No more visas will be granted to low-skilled workers, such as those employed in restaurants and shops, a spokeswoman for the Labour and Immigration Ministry said.

She said the government would also insist companies prove they cannot fill posts in Spain before bringing in foreign workers.
Labour Minister Celestino Corbacho told reporters on Wednesday the government would cut the number of work visas “to roughly zero” in 2009. “It doesn't seem reasonable that with 2.5 million unemployed we continue to recruit workers from abroad,” said Corbacho, who also wants to pay unemployed foreigners to return to their home countries.

About 180'000 foreign workers came here to Spain last year.
The measure follows another decision to restrict family reunion visas, which the government had said would cut immigration by 40 percent.
Unemployment has jumped by 500'000 in a year to 2.5 million as a construction boom has evaporated, emptying building sites.
Socialist Prime Minister Jose Luis Rodriguez Zapatero, who announced an amnesty to about 700'000 illegal immigrants soon after he took office in 2004, has done a U-turn on immigration since winning re-election.

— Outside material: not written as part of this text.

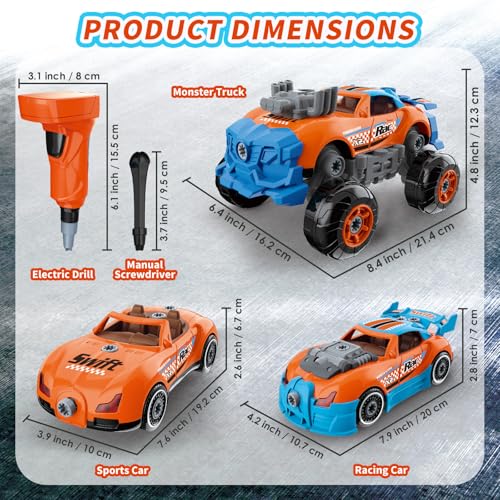 Pup Go 43 Pcs Take Apart Car for Boys Ages 3-8 Year, Build Your Own Car Set - color: Orange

In March's vote, the opposition conservatives won working class support by playing on fears about Spain's growing Muslim community.
Spain's immigrant population has risen to 10 percent of the population from nominal levels a decade ago, with mainly low-paid workers arriving from Latin America, Morocco, Asia, Eastern Europe and sub-Saharan Africa.

Migrant workers built many of the millions of houses that sprung up during Spain's construction boom, but unemployment among foreigners is now higher than among natives.

Economists say the relatively low level of skills among Spain's migrant workforce makes it more difficult to find them jobs outside the building and services sectors.